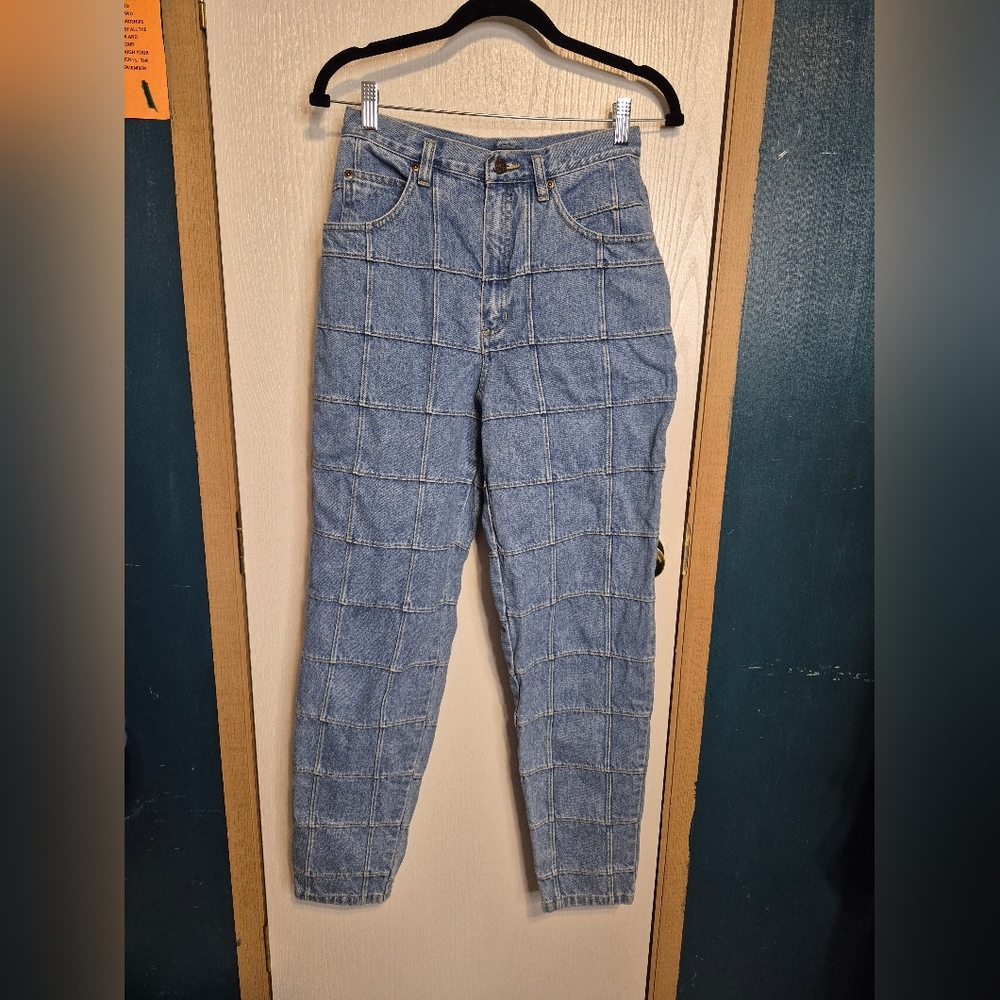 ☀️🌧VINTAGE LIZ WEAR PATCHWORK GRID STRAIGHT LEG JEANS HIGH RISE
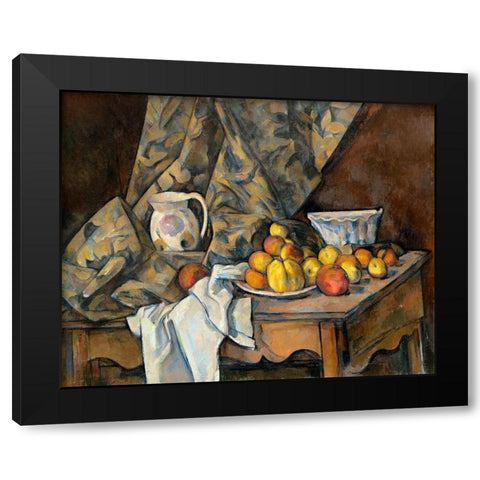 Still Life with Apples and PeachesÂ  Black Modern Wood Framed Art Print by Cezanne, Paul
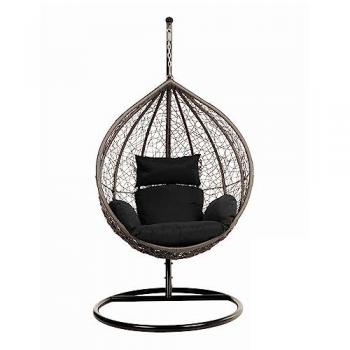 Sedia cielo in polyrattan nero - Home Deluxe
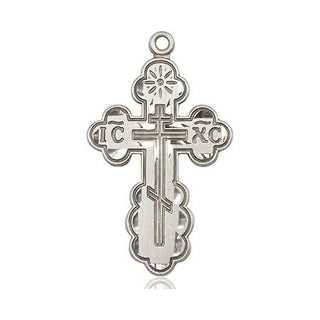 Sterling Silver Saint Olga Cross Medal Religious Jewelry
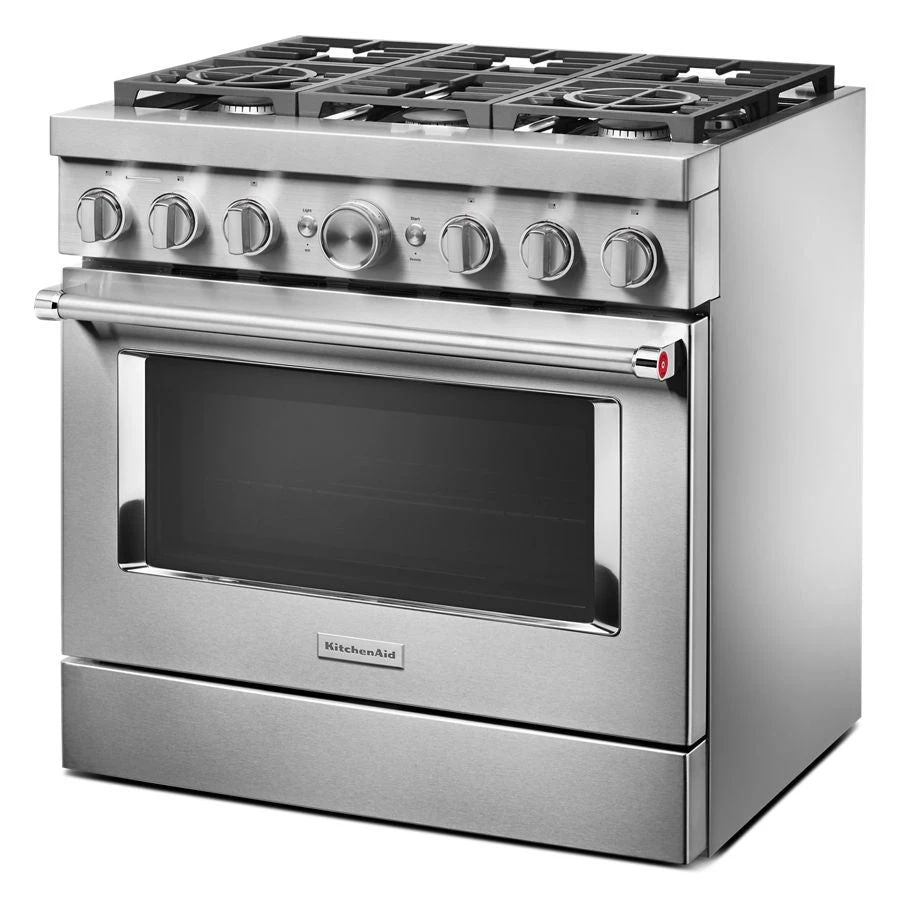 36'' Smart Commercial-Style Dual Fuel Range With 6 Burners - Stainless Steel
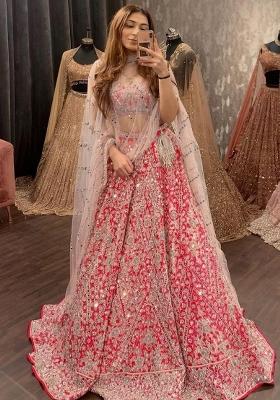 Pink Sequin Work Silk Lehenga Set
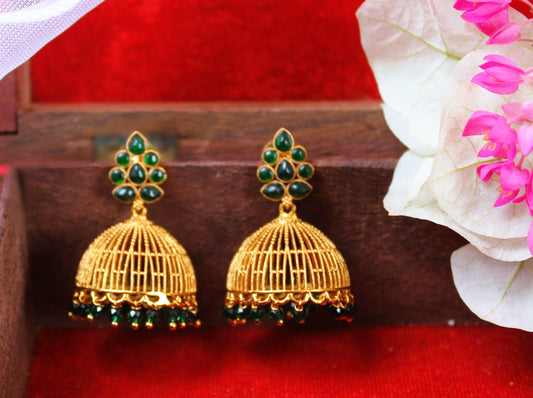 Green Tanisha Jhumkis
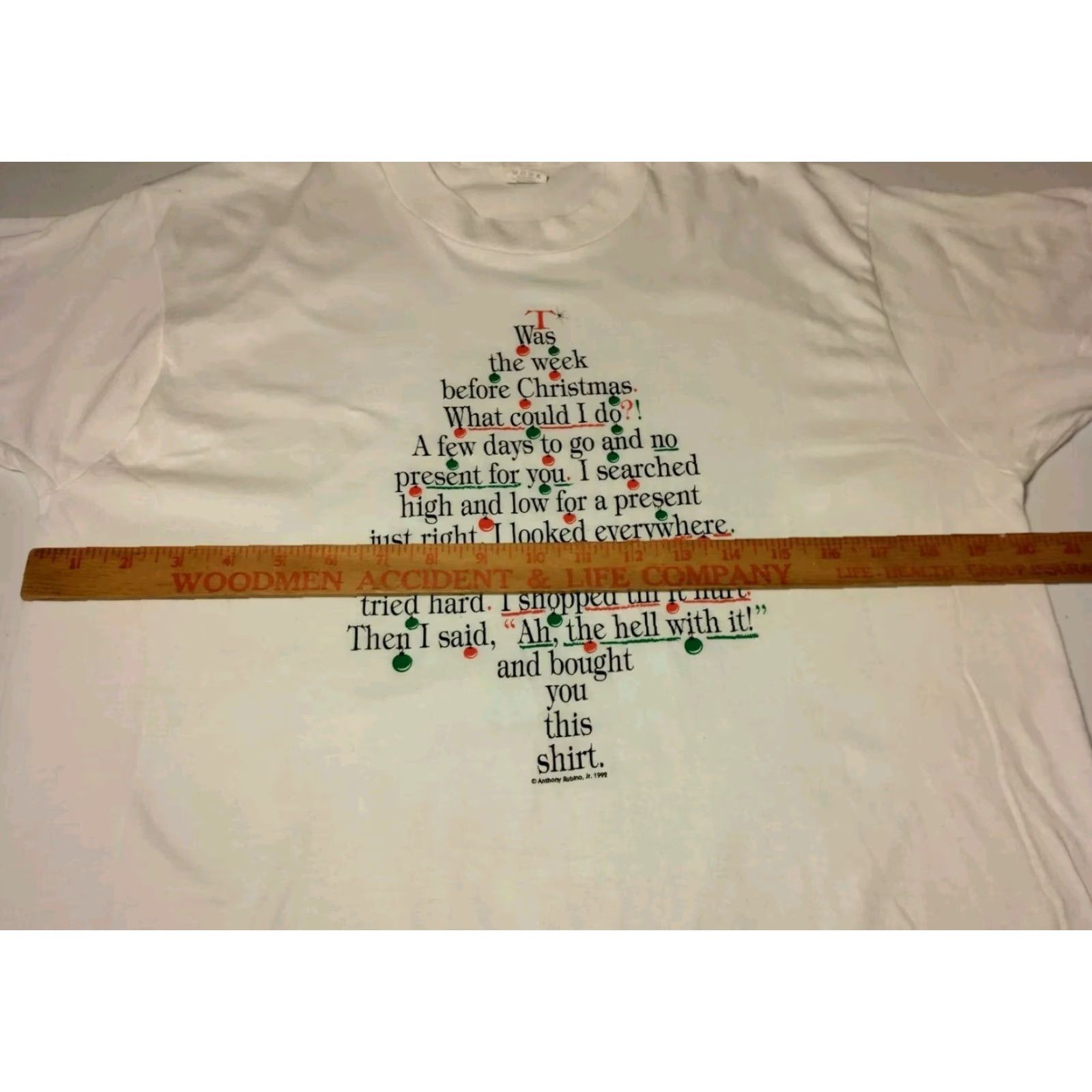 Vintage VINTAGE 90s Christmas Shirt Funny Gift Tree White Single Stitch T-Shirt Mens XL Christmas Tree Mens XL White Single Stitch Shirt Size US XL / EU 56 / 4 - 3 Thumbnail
------------------------------------------------------------
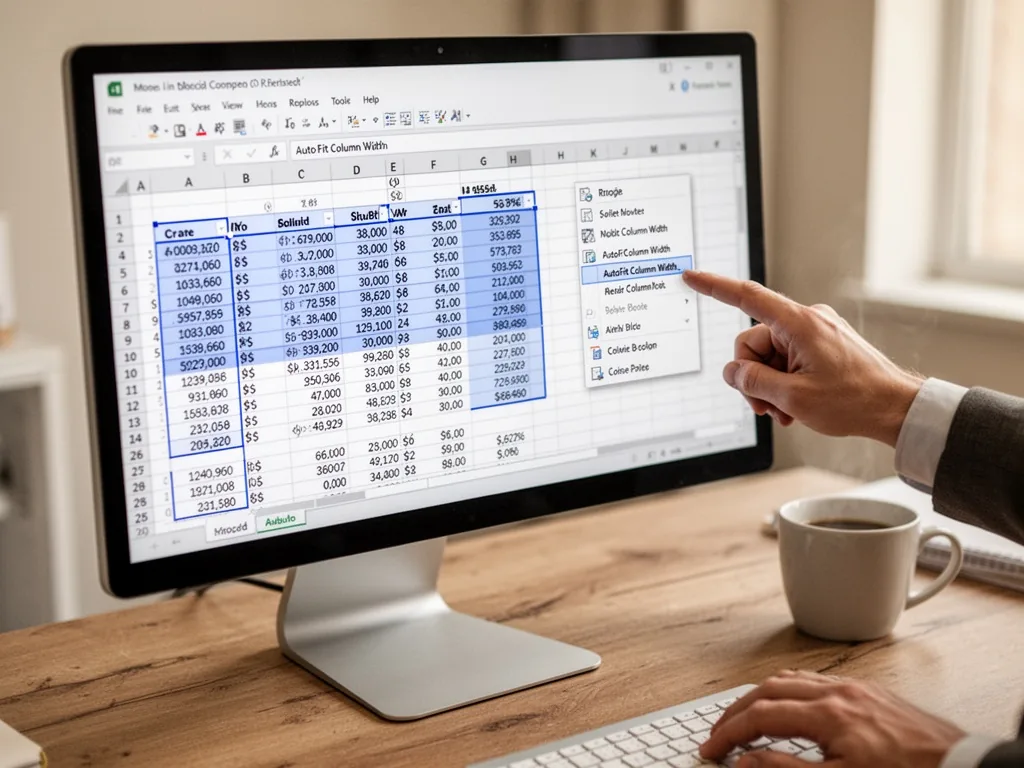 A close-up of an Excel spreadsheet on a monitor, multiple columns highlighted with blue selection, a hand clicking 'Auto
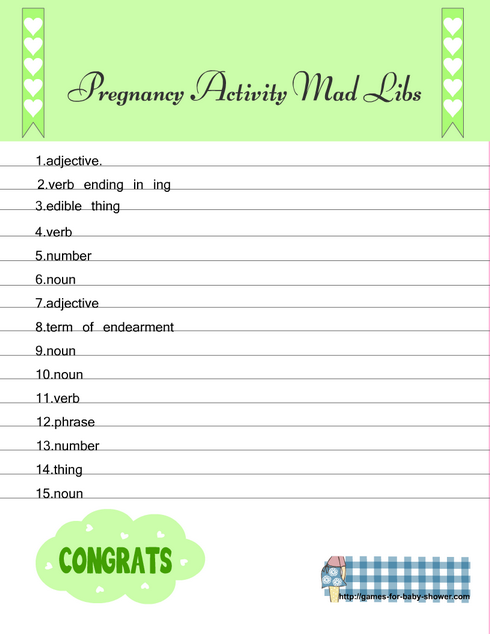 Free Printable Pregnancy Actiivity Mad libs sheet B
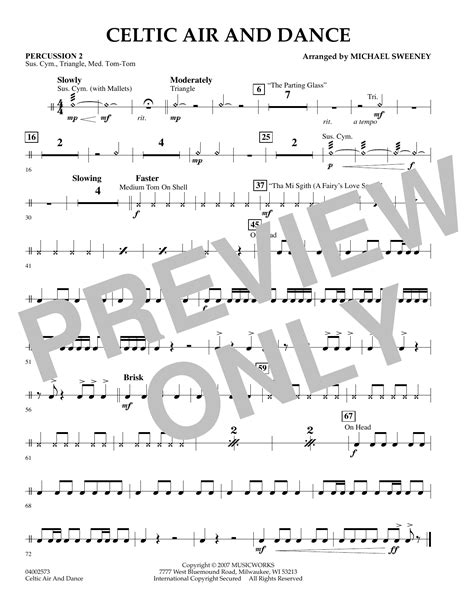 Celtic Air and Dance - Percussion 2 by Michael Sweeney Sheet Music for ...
------------------------------------------------------------
### Brief
An exact transcription is needed of the lines from the one with "JEANS HIGH RISE" to the one with "Vintage VINTAGE 90s" above, both ends included, with pictures left out.

### Answer for the task
 ☀️🌧VINTAGE LIZ WEAR PATCHWORK GRID STRAIGHT LEG JEANS HIGH RISE
 Still Life with Apples and PeachesÂ  Black Modern Wood Framed Art Print by Cezanne, Paul
 Sedia cielo in polyrattan nero - Home Deluxe
 Sterling Silver Saint Olga Cross Medal Religious Jewelry
 36'' Smart Commercial-Style Dual Fuel Range With 6 Burners - Stainless Steel
 Pink Sequin Work Silk Lehenga Set
 Green Tanisha Jhumkis
 Vintage VINTAGE 90s Christmas Shirt Funny Gift Tree White Single Stitch T-Shirt Mens XL Christmas Tree Mens XL White Single Stitch Shirt Size US XL / EU 56 / 4 - 3 Thumbnail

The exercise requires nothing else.